The toymaker debuted the toy company’s latest Barbie plans at New York Toy Fair this week, an event that’s meant to give retailers, journalists and analysts an early look at what’s to come from the toy industry later in the year. The line includes a talking doll, called “Hello Barbie,” and a diverse range of Barbies that feature dolls with African-American, Asian, and mixed race features.
Barbie’s new look, which also included superhero themed assortment, comes after Mattel has reported three years of declining sales for the doll. Sales have been pressured by the success of Disney’s (DIS) “Frozen” line. Weak sales of Barbie and Fisher-Price, as well as a poor stock performance in recent years, led Mattel to oust its chief executive earlier this year.
Mattel had hinted late last year that diversity would be a major theme in its upcoming doll lineup. Richard Dickson, a co-president at Mattel and the man that previously ran Barbie during her heyday, admitted to analysts that Barbie had lost her way. He said the superhero line will stand out in a sea of princess themed dolls, while the diversity of the new line “represents the world girls see today.”
By the end of the year, 78 new Barbies will hit retail shelves, with an initial line that includes 23 looks that Mattel says is far wider range than in years past. There are eight different skin tones and 14 different hairstyles throughout the collection. The line also features bendable ankles for the first time so the doll can wear flats.
The diverse range is perhaps a sign of the changing times, as the iconic blonde doll might not resonate with all of today’s American girls. Diversity among American children is far greater than the population as a whole, so Mattel is making a more aggressive move to address the changing demographics of the main market it serves.
Another notable Barbie that Mattel showed off was “Hello Barbie,” a doll that has the ability to talk. Mattel had explored the idea of a talking Barbie for years, saying it is a top request from girls. It partnered with San Francisco startup ToyTalk to make the doll, which through a cloud-based app can improve conversation over time. For example, on Christmas Day Barbie could ask a child what they received from Santa.
“The idea of conversational play is something people have imagined for a long time,” said ToyTalk founder and CEO Oren Jacob.
Jacob, formerly chief technical officer at Pixar, and his team were behind the software side of Hello Barbie, while Mattel was responsible for the look and the design of the doll. Mattel said it is planning to partner with startups such as ToyTalk to infuse tech into toys, a savvy strategy after some missteps by Mattel and others in the industry to react to the smartphone and other gadgets that have lured children away from playing with traditional physical toys.
“We are thrilled to be a part of letting girls talk back and forth with their dolls,” said Jacob.
The idea of a talking doll isn’t revolutionary.
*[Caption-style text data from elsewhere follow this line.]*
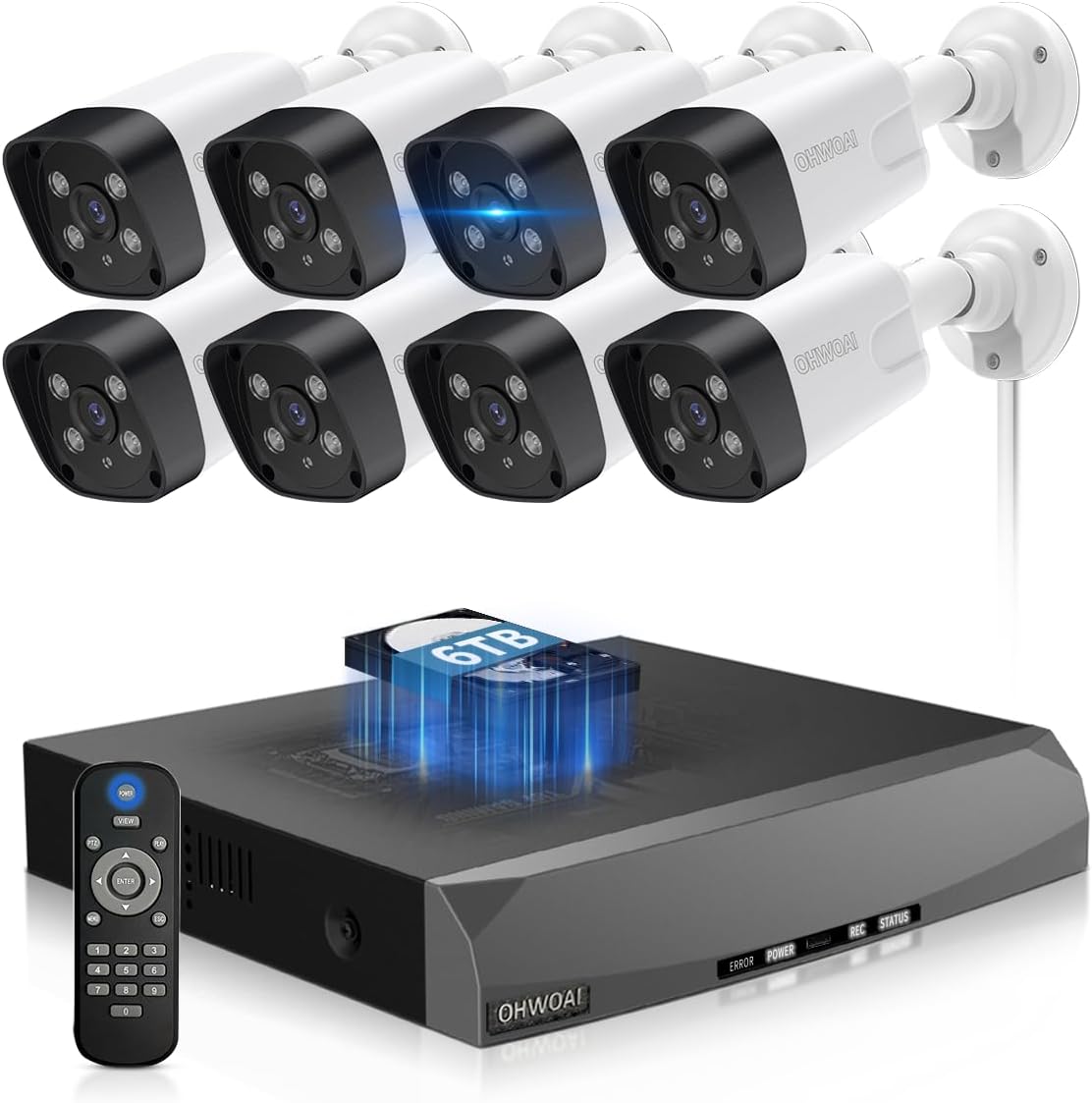 130 Wide Angle & 2-Way Audio Outdoor Security Camera System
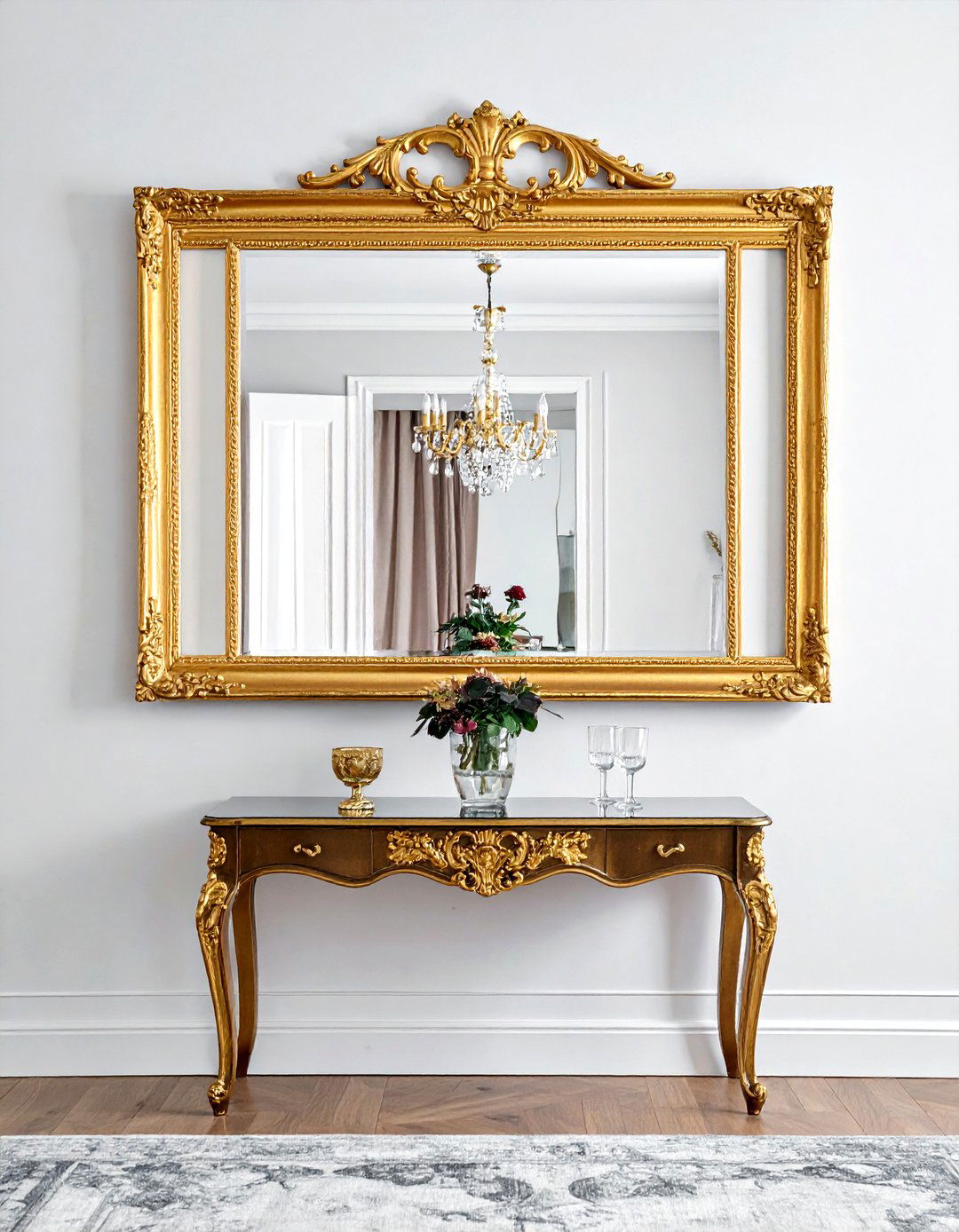 Gilded Mirror - 30 traditional entertaining dining ideas
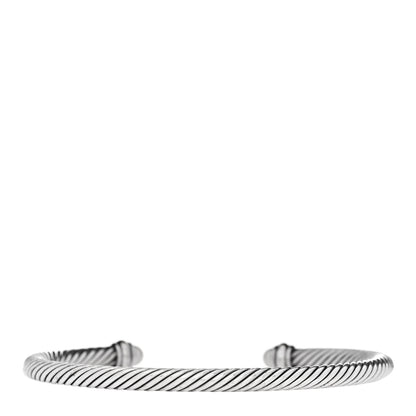 David Yurman Sterling Silver 18K Yellow Gold Cultured Pearl 4mm Cable Classics Bracelet 2 of 3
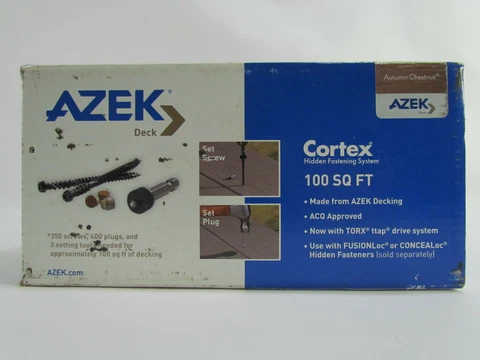 CTX100SFCT AZTEK CORTEX Self Fastening System Screws 2-1/2"  Autumn Chestnet Cover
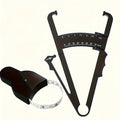 Body Fat Caliper & Waist Tape Measure Set – Fitness Tool Fitness Measuring Set PLUSH black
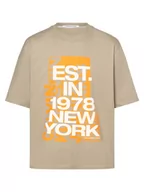 Koszulki męskie - Calvin Klein Jeans - T-shirt męski, beżowy|szary - miniaturka - grafika 1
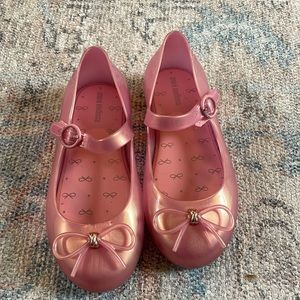Mini Melissa sz 12 girls pink ballet flat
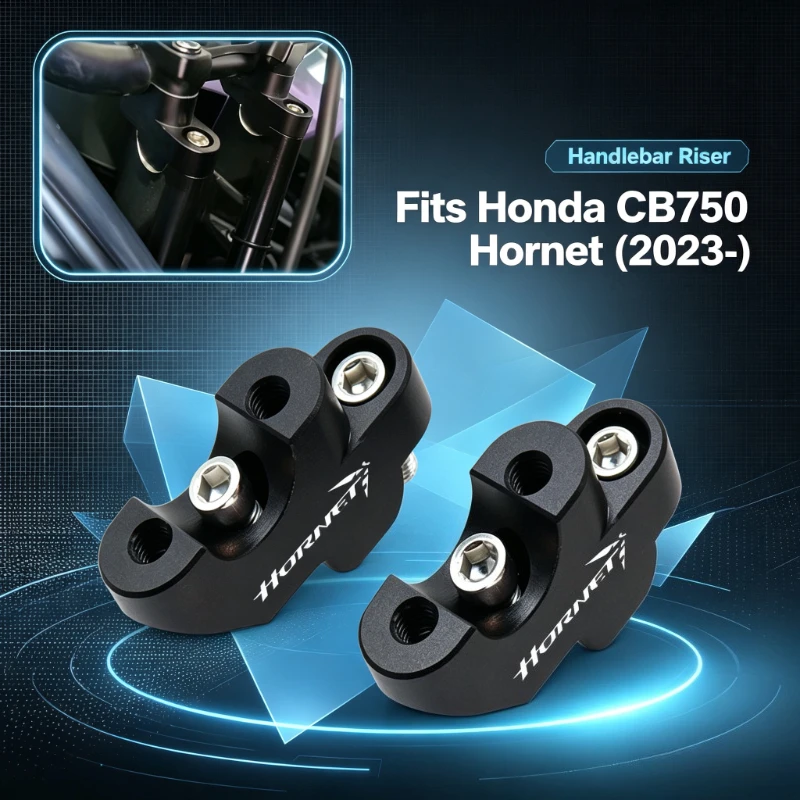 CNC Aluminum Motorcycle Handlebar Riser 30mm Heightening Clamp Motorcycle Accessories For HONDA CB 750 CB750 Hornet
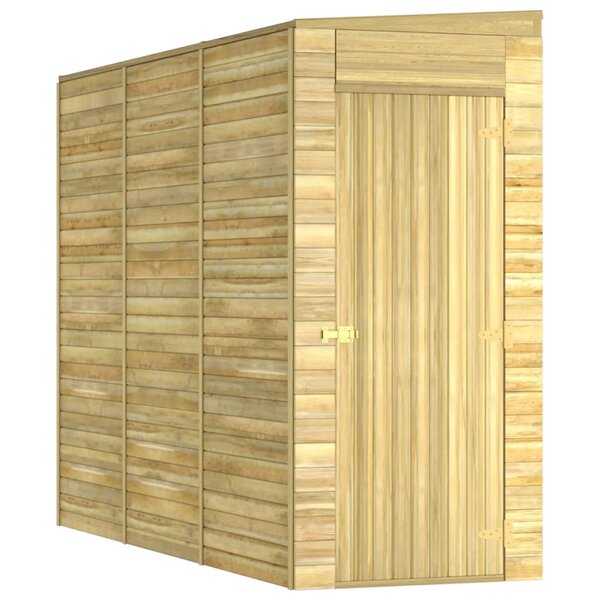 vidaXL Abri de stockage de jardin 100x310x218 cm Bois de pin imprégné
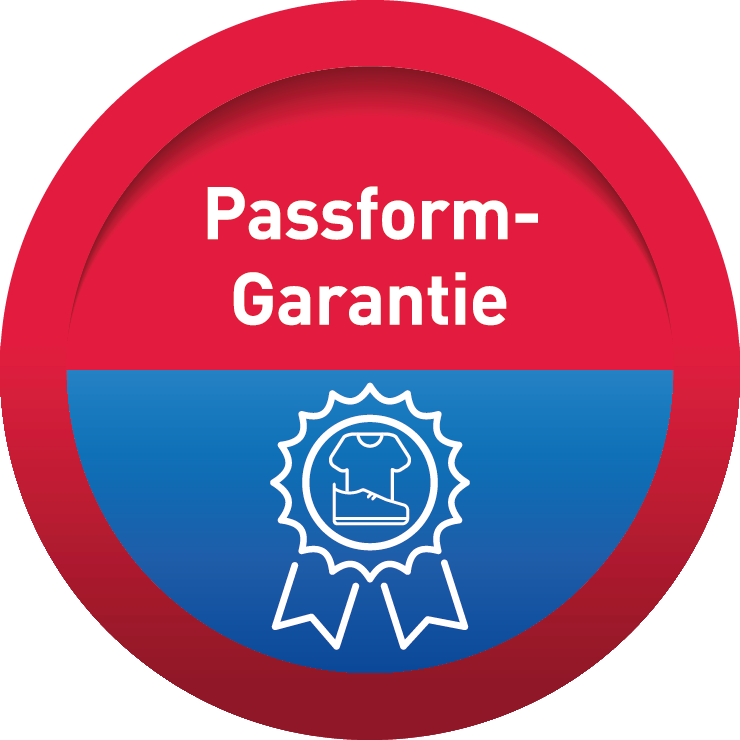 Unser Service Passformgarantie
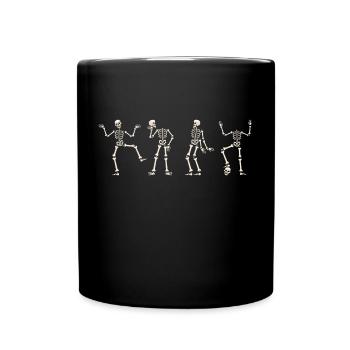 Halloween skeleton dance humor gift Halloween - Full Colour Mug - black - Front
Chatty Cathy did it in the 1960s, and Teddy Ruxpin was a notable talking bear in the 1980s. But both were limited in their ability to actually converse with children, and Mattel thinks this Barbie spins the idea of conversational play forward.
Still, Barbie can be a bit of a yes man (or rather, a yes woman). Tell her you like Central Park and she responds: “Central Park is my favorite place in New York City. I like to wander around the park and get lost.” But she learns over time. If a girl were to say something nonsensical, Hello Barbie would pivot and reference an interest the girl expressed in an earlier conversation.
The price for the doll is a bit steep, with a suggested retail price of $74.99, although Mattel said the price could change when the doll debuts later this year.